BEGIN Entries supplied
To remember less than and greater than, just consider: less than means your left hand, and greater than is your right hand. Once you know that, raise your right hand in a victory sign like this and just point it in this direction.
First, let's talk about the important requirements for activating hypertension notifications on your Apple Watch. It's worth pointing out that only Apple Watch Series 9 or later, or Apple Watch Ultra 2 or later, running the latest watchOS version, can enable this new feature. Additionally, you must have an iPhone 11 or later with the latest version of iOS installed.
END Entries supplied
BEGIN Entries supplied
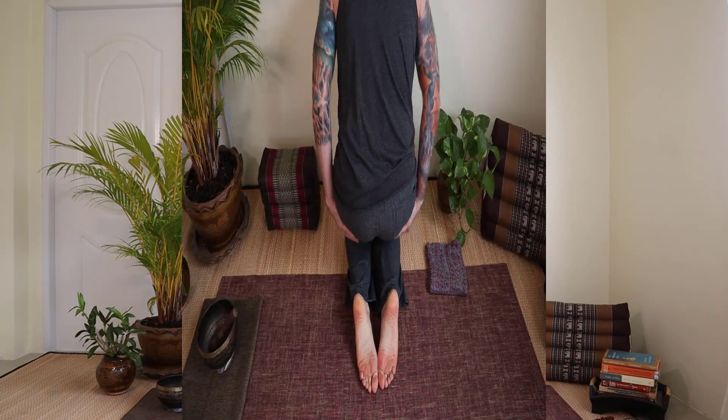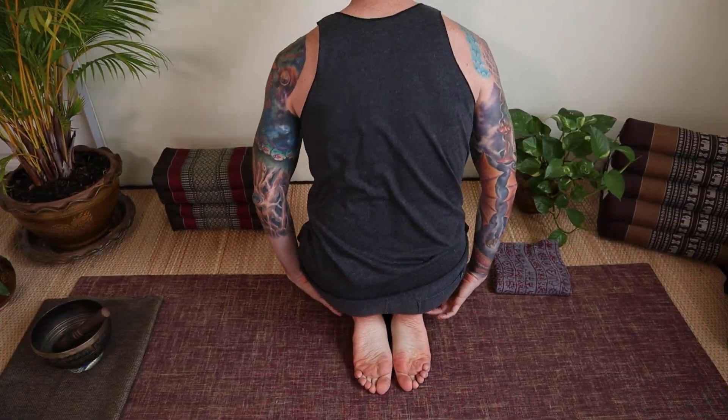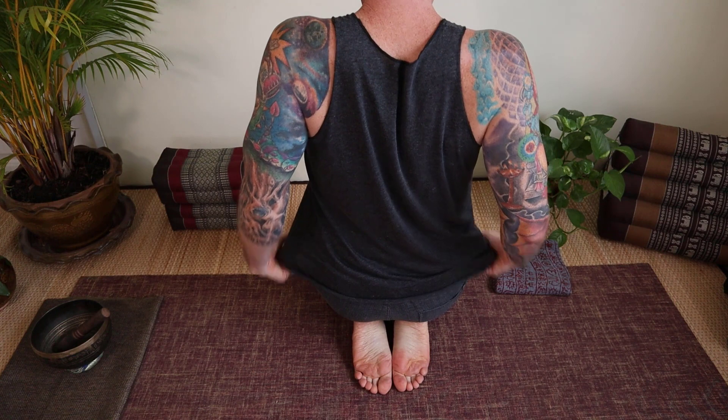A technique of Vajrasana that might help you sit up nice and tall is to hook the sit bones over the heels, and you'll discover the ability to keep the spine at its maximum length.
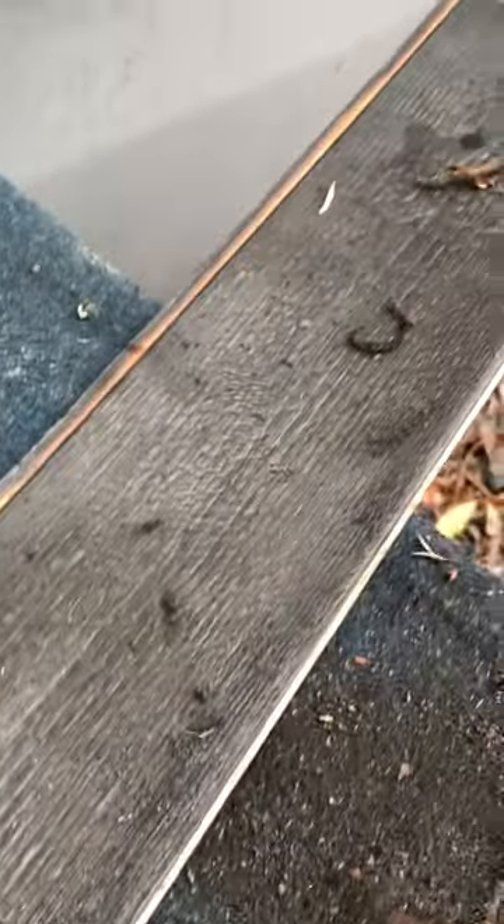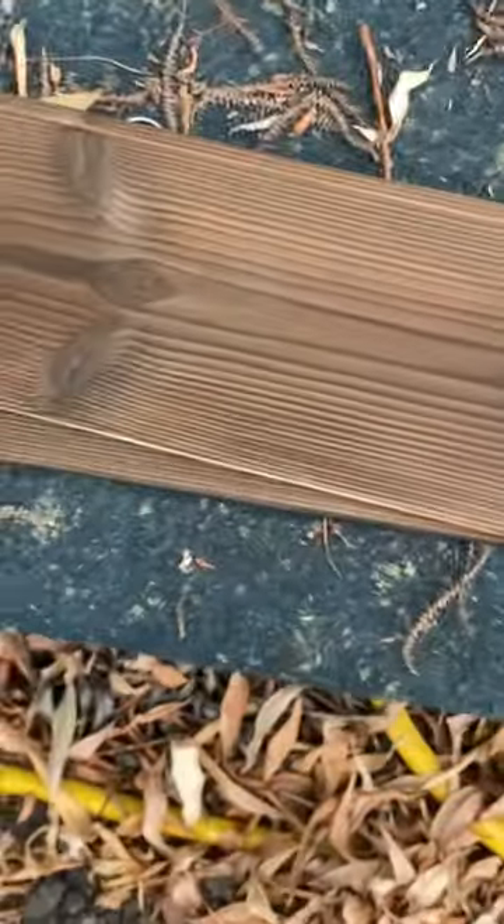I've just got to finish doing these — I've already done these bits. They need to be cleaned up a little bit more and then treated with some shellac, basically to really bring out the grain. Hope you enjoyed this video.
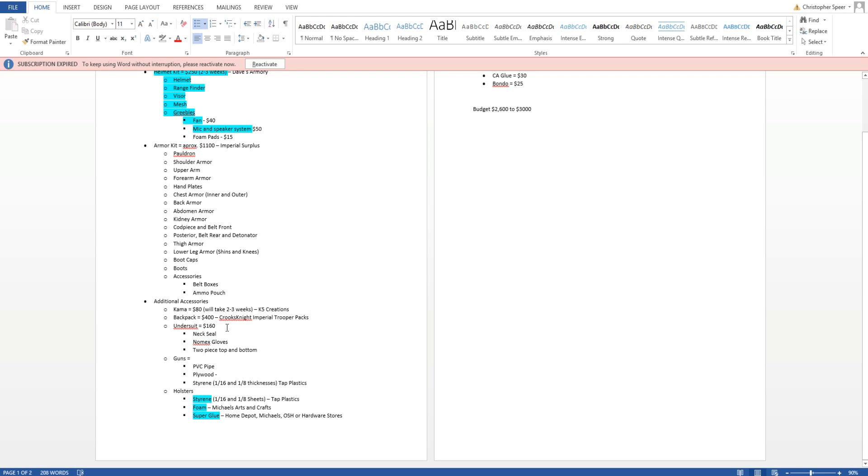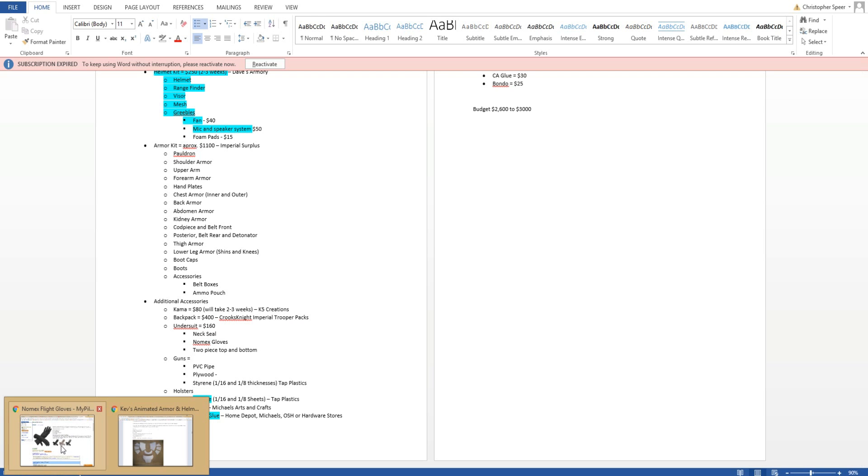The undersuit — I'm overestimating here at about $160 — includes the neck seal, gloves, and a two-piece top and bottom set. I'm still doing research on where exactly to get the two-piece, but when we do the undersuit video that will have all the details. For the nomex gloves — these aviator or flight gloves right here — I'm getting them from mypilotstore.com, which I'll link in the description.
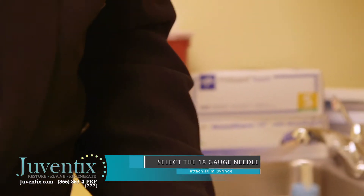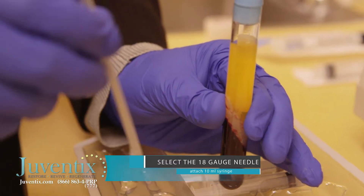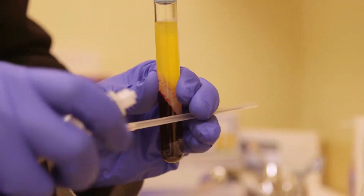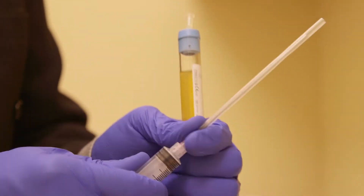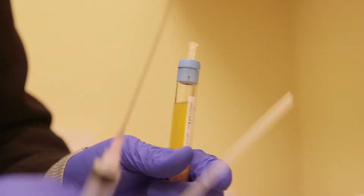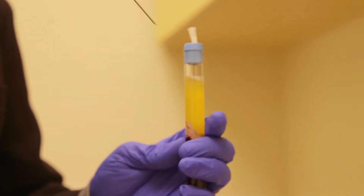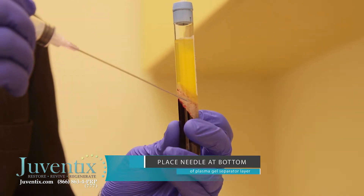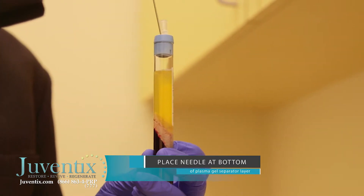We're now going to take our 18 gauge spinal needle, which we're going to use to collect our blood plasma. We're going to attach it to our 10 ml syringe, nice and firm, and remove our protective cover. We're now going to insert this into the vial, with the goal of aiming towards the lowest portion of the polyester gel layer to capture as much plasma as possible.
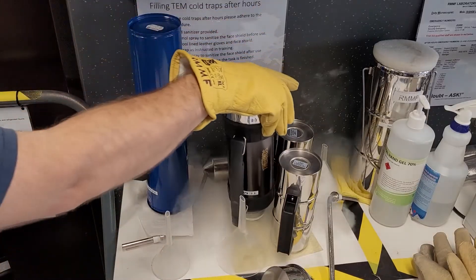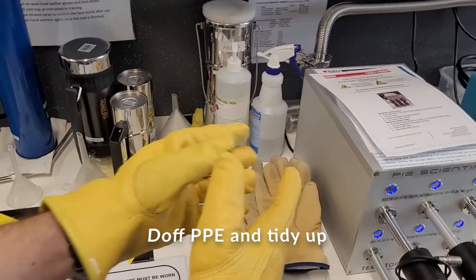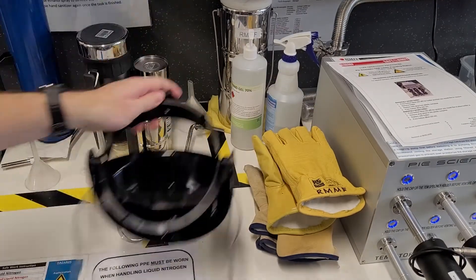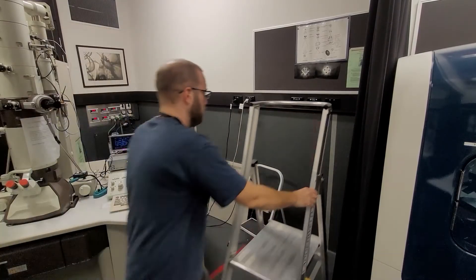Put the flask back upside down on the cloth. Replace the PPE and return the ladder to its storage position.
END Entries supplied
BEGIN Entries supplied
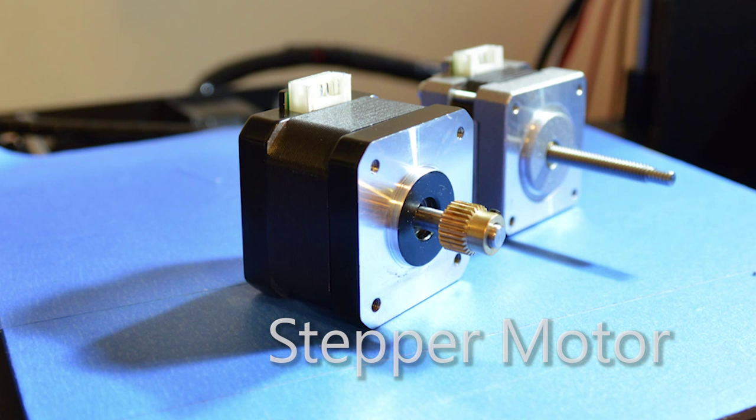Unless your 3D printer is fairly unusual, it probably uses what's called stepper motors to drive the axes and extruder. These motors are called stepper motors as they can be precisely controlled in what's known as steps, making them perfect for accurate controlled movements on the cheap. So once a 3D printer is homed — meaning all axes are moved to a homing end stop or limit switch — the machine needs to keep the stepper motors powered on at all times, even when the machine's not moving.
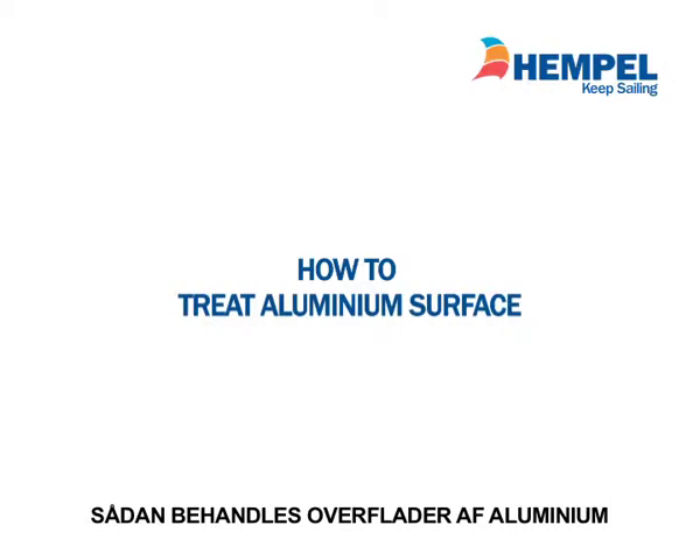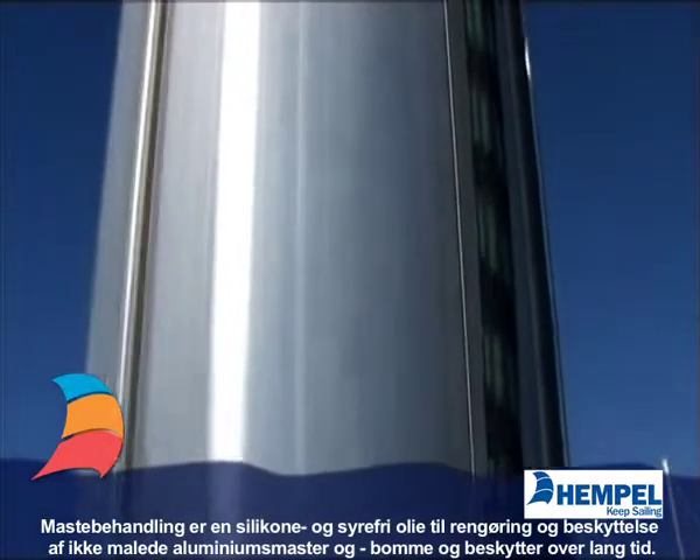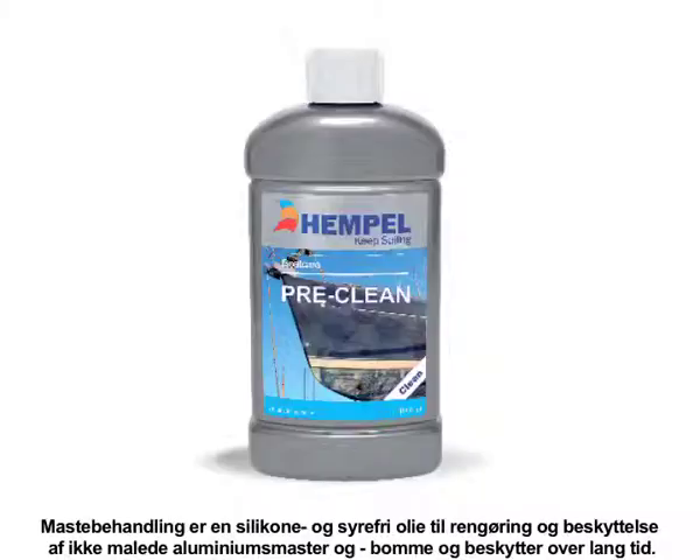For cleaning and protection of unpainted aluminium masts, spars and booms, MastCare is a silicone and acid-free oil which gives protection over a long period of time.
END Entries supplied
* Requirement:
Look above for the line with "To remember less" and the line with "First, let's talk". Write out those two lines and all the lines between them, exactly, and no others.

* Answer to the problem:
To remember less than and greater than, just consider: less than means your left hand, and greater than is your right hand. Once you know that, raise your right hand in a victory sign like this and just point it in this direction.
First, let's talk about the important requirements for activating hypertension notifications on your Apple Watch. It's worth pointing out that only Apple Watch Series 9 or later, or Apple Watch Ultra 2 or later, running the latest watchOS version, can enable this new feature. Additionally, you must have an iPhone 11 or later with the latest version of iOS installed.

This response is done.